I was finishing up my third lap and was listening to my i pod. I was a bit distracted by what I was listening to, but noticed a tombstone that I had not seen before. There it was in full view, straight ahead. What I saw at a glance was Kates Button, which made me smile. As I looked closer, I saw what was really written, which was Kate S. Button.
I decided to play with my initial interpretation of Kate's Button and what that meant to me. First of all, I thought about what or who, pushes my buttons. There have been a few people in my life, thankfully none at the present time, that I have allowed to get my goat. I allowed them to steal my joy and upset me, which I would consider button pushing. Having my button pushed in that way does not feel very good. In fact, it is a feeling of being victimized. Over the years, I have become quite adept at identifying button pushers and have learned to keep my button off limits.

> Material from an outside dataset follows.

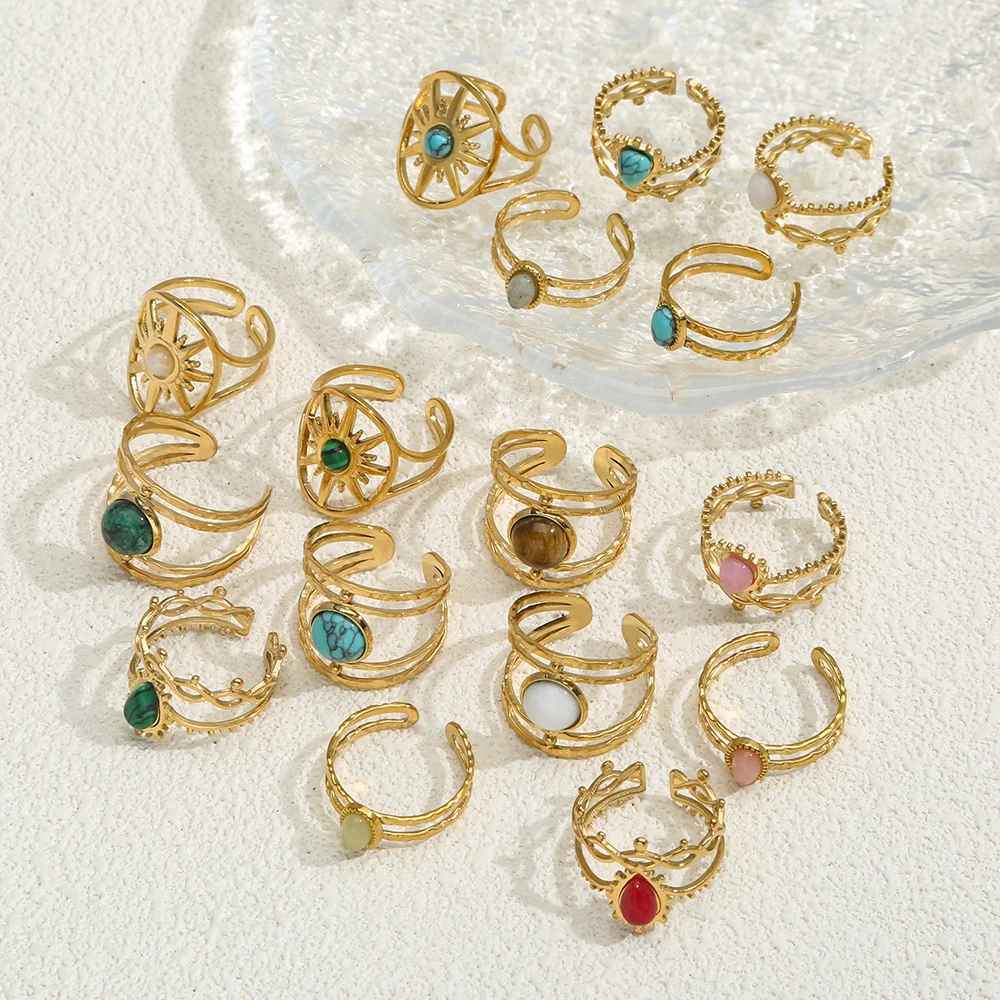 Bagues réglables irrégulières Turquoise pour femmes, personnalité créative, mode, cadeau de fête, bijoux, vente directe en gros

From there, my mind went to thoughts about what pushes my button that makes me feel on or that which takes me from dullness to aliveness. Many things came to mind such as the company of certain people, travel experiences, some challenges, my work, dancing, yoga and many other activities that I love to do. My own thoughts can even push my on button.
This little error at a glance kept me entertained for the walk home. I'm grateful for Kate S. Button for keeping me alert and tuned into that which creates joy and that which takes it away.